That is a joint venture between the Nelson Mandela Foundation and the Rhodes Trust. We sincerely appreciate your generosity in understanding the importance to us of launching that initiative with the hundreds of visiting Rhodes scholars presently in South Africa to celebrate the centenary of the Rhodes Trust.

This is really turning out to be a night of historic connections as your award to us is part of your annual commemoration of the first pressing of grapes 344 years ago.

We had occasion at the earlier event held at Vergelegen commemorating the Rhodes Trust, to comment on the presence of the ghosts of Willem Adriaan van der Stel and Cecil John Rhodes at the gathering.

There must be a fair number of ghosts lurking around this occasion as well.

Thank you for the great honour of considering me worthy of an award in connection with an industry whose roots stretch way back in our history to the earliest years of European settlement.

Normally when I remark that an award to me is unwarranted, people think that it is but a form of mock modesty.

Tonight nobody can suspect that I am just playing modest when I make that remark.

I am a country boy from the deep rural Transkei, far away from the refinement and sophistication of the winelands. Then I went to Johannesburg, a rough town of mine dumps.

When I eventually moved closer to the winelands of the Cape it was unfortunately in environs that did not permit much participation in the wine industry.

Your award can therefore only be connected with the short period I spent in Victor Verster Prison surrounded by the beautiful vineyards of that area.

It was there that I had my education in wine tasting and drinking, a warder castigating me for ordering sweet white wine and instructing me to have dry wine. What is dry wine, I enquired; is not all wine wet?

Seriously though: I am deeply honoured and moved by your award also because it is such an unlikely connection.

Your motivation for the award, acknowledging the opening up of markets after the democratisation of our country, is in fact a recognition of all those who participated in that process of a peaceful transition.

I accept the award with great pride and do so in the name of the South African people and their political leaders who had the courage and wisdom to overcome and transcend destructive instincts in order to save their country from a bloodbath.

Today we can take hands and build and develop our country together, united in our diversity.

The wine industry is one steeped in tradition and history. That history also had strong feudal elements to it.

It is the challenge of our times to transform those practices and patterns so that all South Africans can proudly associate with every area of our national life.

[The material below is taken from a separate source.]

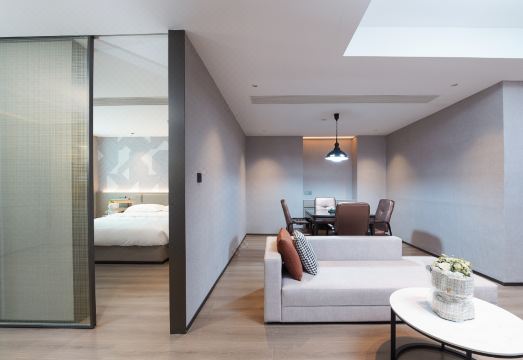 Borrman Jinhuangguan Hotel (Liuzhou Five Star Pedestrian Street) Hotel Overview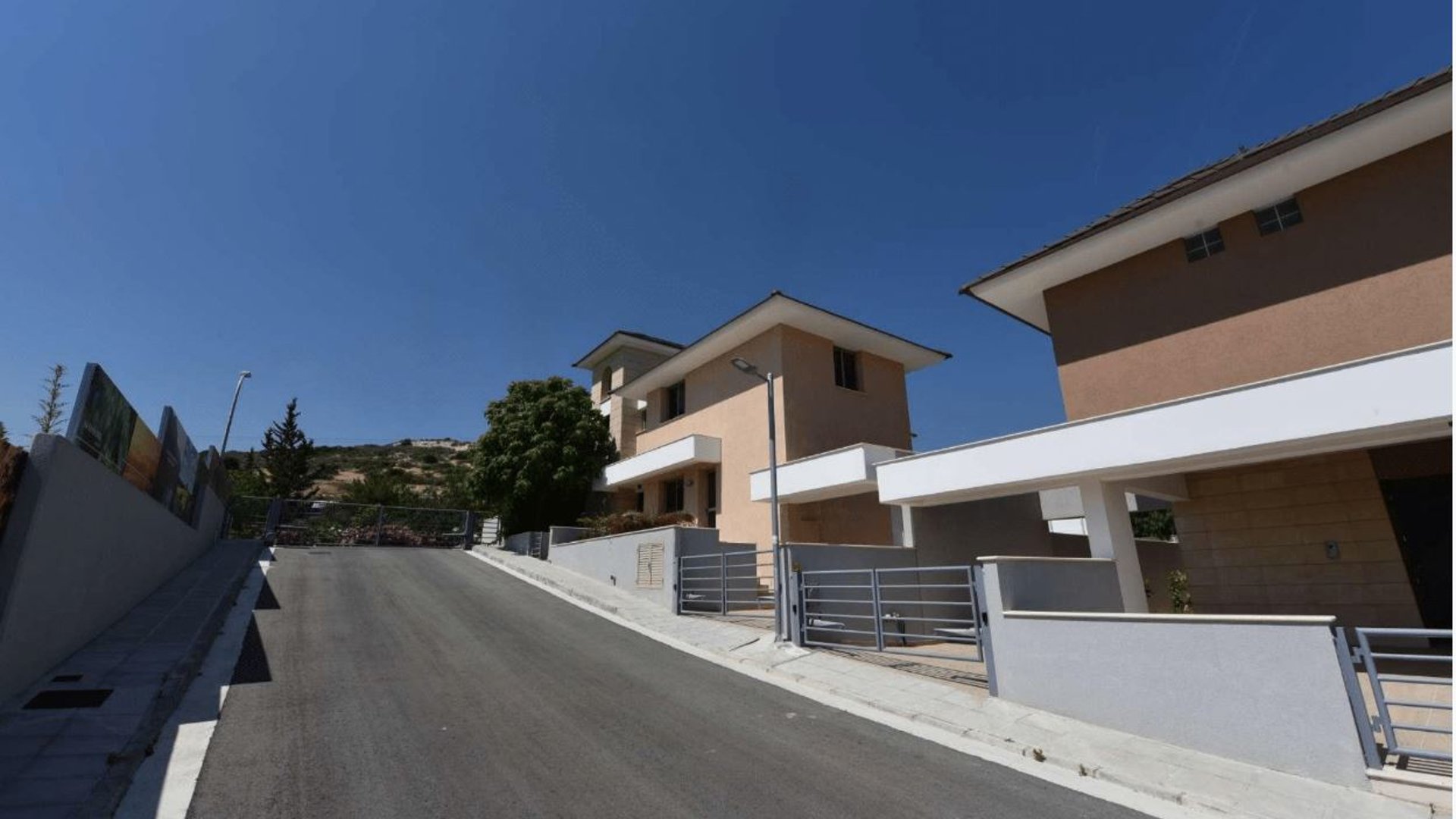 3 bedrooms Villa in Limassol, Cyprus No. 26149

We are delighted at the evidence of transformation already visible in the industry.

And we are confident that efforts to transform and make the industry even more inclusive will be redoubled under your wise leadership. It is in that spirit too that I so proudly accept the award.

In the agricultural sector, including the wine industry, the contribution of the workers is as essential as that of the managers and other professionals. We pay special tribute to them in accepting this award.

We look to the day when they, like all other sectors of our society, can truly say that they have achieved that better life we speak of; that they will be able to live in the full dignity that our Constitution speaks of.

You make mention in your letter of your appreciation of the fact that after democratisation our markets became open to the world. That is one of the most telling benefits of our change, viz that we were once more accepted into the family of nations.

Let us celebrate that together and let those of us who have the privilege of travelling and doing business abroad always be good ambassadors for our country.

Thank you once again for honouring us in this way.

May the industry go from strength to strength, contributing to the growth of our economy and the creation of a better life for all.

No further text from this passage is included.